* WORK ORDER
Your whole reply should be the lines from the one that contains "6, PLAYSES GREEN, HAMBRIDGE, LANGPORT, TA10" through the last line of the listing, copied exactly.
'''
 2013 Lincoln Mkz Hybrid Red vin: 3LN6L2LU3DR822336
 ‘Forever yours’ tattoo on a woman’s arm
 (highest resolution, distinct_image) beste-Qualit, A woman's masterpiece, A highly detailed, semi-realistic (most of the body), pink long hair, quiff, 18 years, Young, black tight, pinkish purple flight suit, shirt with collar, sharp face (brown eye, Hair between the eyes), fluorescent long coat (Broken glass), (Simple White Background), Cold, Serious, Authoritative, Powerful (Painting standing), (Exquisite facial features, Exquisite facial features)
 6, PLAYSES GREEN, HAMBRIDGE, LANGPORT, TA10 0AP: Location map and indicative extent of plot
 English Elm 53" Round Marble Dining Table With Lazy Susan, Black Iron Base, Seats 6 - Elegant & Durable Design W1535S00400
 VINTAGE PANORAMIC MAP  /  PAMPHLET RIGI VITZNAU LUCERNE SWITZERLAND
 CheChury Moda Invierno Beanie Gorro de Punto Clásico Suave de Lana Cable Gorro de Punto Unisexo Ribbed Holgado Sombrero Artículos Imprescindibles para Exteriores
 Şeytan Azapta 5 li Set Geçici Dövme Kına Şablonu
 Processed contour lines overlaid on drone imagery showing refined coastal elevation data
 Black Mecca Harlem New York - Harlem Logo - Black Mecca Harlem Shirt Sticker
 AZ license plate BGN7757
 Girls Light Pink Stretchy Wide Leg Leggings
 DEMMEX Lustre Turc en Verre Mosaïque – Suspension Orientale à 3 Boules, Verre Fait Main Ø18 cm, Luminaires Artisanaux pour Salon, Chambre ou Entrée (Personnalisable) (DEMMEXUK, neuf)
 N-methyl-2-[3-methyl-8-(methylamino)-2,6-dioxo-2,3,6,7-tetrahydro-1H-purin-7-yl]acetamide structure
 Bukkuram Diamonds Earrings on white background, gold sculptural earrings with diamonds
'''
* RESULT
 6, PLAYSES GREEN, HAMBRIDGE, LANGPORT, TA10 0AP: Location map and indicative extent of plot
 English Elm 53" Round Marble Dining Table With Lazy Susan, Black Iron Base, Seats 6 - Elegant & Durable Design W1535S00400
 VINTAGE PANORAMIC MAP  /  PAMPHLET RIGI VITZNAU LUCERNE SWITZERLAND
 CheChury Moda Invierno Beanie Gorro de Punto Clásico Suave de Lana Cable Gorro de Punto Unisexo Ribbed Holgado Sombrero Artículos Imprescindibles para Exteriores
 Şeytan Azapta 5 li Set Geçici Dövme Kına Şablonu
 Processed contour lines overlaid on drone imagery showing refined coastal elevation data
 Black Mecca Harlem New York - Harlem Logo - Black Mecca Harlem Shirt Sticker
 AZ license plate BGN7757
 Girls Light Pink Stretchy Wide Leg Leggings
 DEMMEX Lustre Turc en Verre Mosaïque – Suspension Orientale à 3 Boules, Verre Fait Main Ø18 cm, Luminaires Artisanaux pour Salon, Chambre ou Entrée (Personnalisable) (DEMMEXUK, neuf)
 N-methyl-2-[3-methyl-8-(methylamino)-2,6-dioxo-2,3,6,7-tetrahydro-1H-purin-7-yl]acetamide structure
 Bukkuram Diamonds Earrings on white background, gold sculptural earrings with diamonds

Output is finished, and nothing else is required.